1 Definitions and Interpretation

1.1 Definitions

In this Agreement:-

  1.1.1 the Address for Service means c/o Teekay Shipping (UK) Ltd of 49 St Jamess Street, London SW1 A11, England or, in relation to any of the Security Parties, such other address in England and Wales as that Security Party may from time to time designate by no fewer than ten Business Days written notice to the Agent.

  1.1.2 the Administration has the meaning given to it in paragraph 1.1.3 of the ISM Code.

  1.1.3 the Advance Date, in relation to any Drawing, means the date on which that Drawing is advanced by the Banks to the Borrower pursuant to Clause 2.

  1.1.4 Approved Brokers means H. Clarkson & Co. Ltd, Simpson Spence & Young Shipbrokers Ltd, Fearnley AS, R. S. Platou AS and P. Bassoe AS.

  1.1.5 Assignments means the deeds of assignment of the Earnings, the Insurances, Requisition Compensation, the Charters and the Charter Guarantees referred to in Clause 8.1.1 (each an Assignment).

  1.1.6 the Borrowers Obligations means all of the liabilities and obligations of the Borrowers to the Finance Parties under or pursuant to the Borrowers Security Documents, whether actual or contingent, present or future, and whether incurred alone or jointly or jointly and severally with any other and in whatever currency, including (without limitation) interest, commission and all other charges and expenses.

  1.1.7 the Borrowers Security Documents means those of the Security Documents to which the Borrowers are or are to be a party.

  1.1.8 Break Costs means all documented costs, losses, premiums or penalties incurred by any of the Finance Parties in the circumstances contemplated by Clause 17.4 or as a result of any of them receiving any prepayment of all or any part of the Facility (whether pursuant to Clause 5.2 or otherwise) or any other payment under or in relation to the Security Documents on a day other than the due date for payment of the sum in question, and includes (without limitation) any losses or costs incurred in liquidating or re-employing deposits from third parties acquired to effect or maintain the Facility, and any liabilities, expenses or losses incurred by any of the Finance Parties in terminating or reversing, or otherwise in connection with, any interest rate and/or currency swap, transaction or arrangement entered into by any of the Finance Parties to hedge any exposure arising under this Agreement, or in terminating or reversing, or otherwise in connection with, any open position arising under this Agreement.

  1.1.9 Business Day means a day on which banks are open for the transaction of business of the nature contemplated by this Agreement (and not authorised by law to close) in New York City, United States of America; London, England; Oslo, Norway; and any other financial centre which the Agent may consider appropriate for the operation of the provisions of this Agreement.

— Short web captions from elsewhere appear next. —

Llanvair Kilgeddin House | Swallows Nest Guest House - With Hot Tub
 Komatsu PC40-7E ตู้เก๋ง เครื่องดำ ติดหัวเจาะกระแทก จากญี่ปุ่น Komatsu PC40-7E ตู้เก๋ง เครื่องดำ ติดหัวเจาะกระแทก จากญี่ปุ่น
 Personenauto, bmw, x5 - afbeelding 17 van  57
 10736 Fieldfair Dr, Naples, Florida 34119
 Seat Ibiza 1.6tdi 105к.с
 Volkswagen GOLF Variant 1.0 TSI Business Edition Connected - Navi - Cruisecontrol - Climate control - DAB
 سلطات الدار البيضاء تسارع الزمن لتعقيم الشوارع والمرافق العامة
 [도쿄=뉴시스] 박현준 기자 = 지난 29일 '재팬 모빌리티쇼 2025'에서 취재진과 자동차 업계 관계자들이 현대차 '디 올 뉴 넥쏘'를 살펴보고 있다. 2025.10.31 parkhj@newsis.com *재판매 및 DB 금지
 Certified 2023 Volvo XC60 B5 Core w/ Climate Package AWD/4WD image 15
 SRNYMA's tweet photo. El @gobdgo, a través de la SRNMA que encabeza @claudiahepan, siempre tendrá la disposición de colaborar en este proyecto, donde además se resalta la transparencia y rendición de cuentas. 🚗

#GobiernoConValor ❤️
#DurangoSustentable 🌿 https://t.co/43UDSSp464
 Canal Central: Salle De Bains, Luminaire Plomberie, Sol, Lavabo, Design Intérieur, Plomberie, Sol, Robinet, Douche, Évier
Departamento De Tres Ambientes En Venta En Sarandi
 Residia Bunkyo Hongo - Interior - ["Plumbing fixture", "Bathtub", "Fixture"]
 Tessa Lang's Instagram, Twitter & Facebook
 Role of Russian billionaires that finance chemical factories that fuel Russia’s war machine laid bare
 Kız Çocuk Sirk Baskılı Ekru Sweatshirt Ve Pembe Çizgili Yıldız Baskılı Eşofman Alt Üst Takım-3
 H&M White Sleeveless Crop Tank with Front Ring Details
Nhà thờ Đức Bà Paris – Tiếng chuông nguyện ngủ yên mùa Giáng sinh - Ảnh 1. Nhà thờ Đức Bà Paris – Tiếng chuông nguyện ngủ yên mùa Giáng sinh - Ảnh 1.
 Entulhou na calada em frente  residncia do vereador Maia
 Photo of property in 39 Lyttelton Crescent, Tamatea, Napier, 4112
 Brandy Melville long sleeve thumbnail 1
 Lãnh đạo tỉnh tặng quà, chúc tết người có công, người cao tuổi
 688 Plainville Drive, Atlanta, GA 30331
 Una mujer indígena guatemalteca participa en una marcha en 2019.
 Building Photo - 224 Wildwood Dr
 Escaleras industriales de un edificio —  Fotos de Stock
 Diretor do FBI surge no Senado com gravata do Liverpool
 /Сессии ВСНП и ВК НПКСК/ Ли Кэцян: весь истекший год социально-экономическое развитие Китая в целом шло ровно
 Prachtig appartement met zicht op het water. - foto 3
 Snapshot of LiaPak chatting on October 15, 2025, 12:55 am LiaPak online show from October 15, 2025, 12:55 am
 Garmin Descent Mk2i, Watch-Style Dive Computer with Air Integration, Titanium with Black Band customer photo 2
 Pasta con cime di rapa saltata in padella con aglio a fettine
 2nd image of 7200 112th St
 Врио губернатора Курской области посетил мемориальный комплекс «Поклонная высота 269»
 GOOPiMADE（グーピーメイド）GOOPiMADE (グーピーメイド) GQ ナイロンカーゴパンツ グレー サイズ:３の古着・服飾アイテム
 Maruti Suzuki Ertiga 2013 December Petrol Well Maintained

  1.1.10 Change of Control means either (i) that the Guarantor shall cease, for any reason whatsoever, to own or control directly or indirectly, all of the membership interests of a Borrower or the Pledgor or (ii) that Teekay GP L.L.C. ceases to beneficially own or control at least fifty one per centum (51%) of the general partnership interest of the Guarantor or (iii) that Teekay Shipping Corporation ceases to beneficially own or control at least fifty one per centum (51%) of the voting power of Teekay GP L.L.C.